SAP contro tutti. Contro il governo, contro i giudici, contro la stampa. Una famiglia distrutta ed il giudizio di colpevolezza senza più appelli sulla vicenda Aldrovandi, evidentemente non sono sufficienti secondo il Sindacato Autonomo di Polizia per ritenere il caso chiuso.
Anzi, a giudicare dalle parole del neo segretario Tonelli, sembra quasi non sia mai esistito alcun caso Aldrovandi (“la morte di chiunque è un evento infausto ma non necessariamente la colpa deve essere attribuita a qualcuno“). Di più: sembra quasi non sia mai esistita alcuna vicenda giudiziaria.
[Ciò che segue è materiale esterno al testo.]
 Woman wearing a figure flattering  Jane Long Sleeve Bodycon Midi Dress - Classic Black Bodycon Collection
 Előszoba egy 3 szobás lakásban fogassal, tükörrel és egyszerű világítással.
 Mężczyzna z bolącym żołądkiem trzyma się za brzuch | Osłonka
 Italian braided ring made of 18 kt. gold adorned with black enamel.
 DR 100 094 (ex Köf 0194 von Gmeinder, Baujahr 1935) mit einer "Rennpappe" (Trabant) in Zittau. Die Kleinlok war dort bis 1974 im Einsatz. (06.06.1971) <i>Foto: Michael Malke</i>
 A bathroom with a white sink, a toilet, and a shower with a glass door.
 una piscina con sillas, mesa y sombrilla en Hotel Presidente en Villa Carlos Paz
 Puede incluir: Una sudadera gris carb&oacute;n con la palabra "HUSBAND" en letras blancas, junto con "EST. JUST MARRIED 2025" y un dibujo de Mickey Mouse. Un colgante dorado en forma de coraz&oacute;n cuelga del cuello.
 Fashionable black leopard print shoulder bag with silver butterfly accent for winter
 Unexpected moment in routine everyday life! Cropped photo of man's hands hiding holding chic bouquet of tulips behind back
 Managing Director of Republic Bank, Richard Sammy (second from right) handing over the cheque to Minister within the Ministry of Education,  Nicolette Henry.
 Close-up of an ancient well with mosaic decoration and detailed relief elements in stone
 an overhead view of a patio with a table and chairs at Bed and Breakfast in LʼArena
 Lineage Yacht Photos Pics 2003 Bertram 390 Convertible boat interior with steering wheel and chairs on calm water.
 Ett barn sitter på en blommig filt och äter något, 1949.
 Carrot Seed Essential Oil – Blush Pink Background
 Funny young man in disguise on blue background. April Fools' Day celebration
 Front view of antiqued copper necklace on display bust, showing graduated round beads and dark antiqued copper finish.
E’ una nuova frontiera, quella inaugurata dal SAP che addirittura arriva a chiedere la revisione del processo, un po’ come si trattasse di un quarto grado di giudizio (fatto seguire, magari anche un ricorso alla Corte Europea per i Diritti Umani.) Non sono bastati sei anni di udienze, tre gradi di giudizio, centinaia di ore di aula, decine di perizie ed una mole vertiginosa di carta prodotta: per il sindacato di polizia, i colleghi condannati in via definitiva sono stati vittime di errori giudiziari, di menzogne, di una campagna mediatica.
Addirittura, il segretario del sindacato, parla di “condanne ingiuste” paragonando la morte di Federico Aldrovandi ad un incidente stradale: ‘migliaia di giovani ogni anno muoiono alla guida dei loro automezzi, ma non per questo la colpa è delle strade’.
L’ovazione della sala ai poliziotti pregiudicati e le pesanti dichiarazioni all’ANSA del segretario Tonelli segnano una svolta “partitica” dell’associazione di categoria che sposta l’ago dalla rivendicazione sindacale alla polemica smaccatamente politica: dal corteo per l’aumento in busta paga alle dure critiche al disposto di una sentenza passata in giudicato (e in fondo dello stesso impianto accusatorio che ha portato alla sentenza di condanna) la strada è lunga. E il SAP l’ha percorsa a passo sostenuto, lanciando l’hashtag #vialamenzogna in risposta a #vialadivisa, la campagna nata da comitati di cittadini, che ha come obiettivo le destituzione degli agenti condannati.
In questo caso, valgono le stesse osservazioni del discorso che feci sul Coisp: quale garanzia di buon andamento ed imparzialità, possono garantire gli iscritti ad un sindacato di lavoratori in divisa che “fa politica”? Non solo contestando una sentenza di condanna (che è lecito contestare) confermata dalla Cassazione ma addirittura suggerendo l’esistenza di una verità giudiziaria alternativa che una non ben definita ‘pelosa macchina del fango’ avrebbe occultato.
A voler dare il giusto valore alle parole, oggi di “verità giudiziaria” ne esiste una sola ed è quella che ha portato dietro le sbarre, per omicidio colposo gli agenti Paolo Forlani, Monica Segatto, Enzo Pontani e Luca Pollastri. Tutto il resto, i se ed i forse, sono solo speculazioni. Inoltre la revisione del processo penale, va ricordato, è un caso talmente raro ed eccezionale che se il SAP avesse davvero tra le mani prove tanto schiaccianti a favore dei condannati, tanto schiaccianti da poter far riaprire il caso, farebbe bene -nell’interesse pubblico- a produrle in fretta.
Altrimenti, questo intenso attivismo rischia solo di incrementare la platea di cittadini ostili (ed intimoriti) nei confronti delle forze dell’ordine e soprattutto rischia di prolungare in maniera crudele , e senza una ragione, il calvario della famiglia Aldrovandi. In un periodo di grave sfiducia nelle istituzioni, con l’opinione pubblica ancora sotto shock per l’ennesimo caso di cronaca nera che vede coinvolti degli operatori di pubblica sicurezza, l’ultima cosa di cui si sente la necessità è il dare (altro) fuoco alle polveri con episodi come quelli di ieri.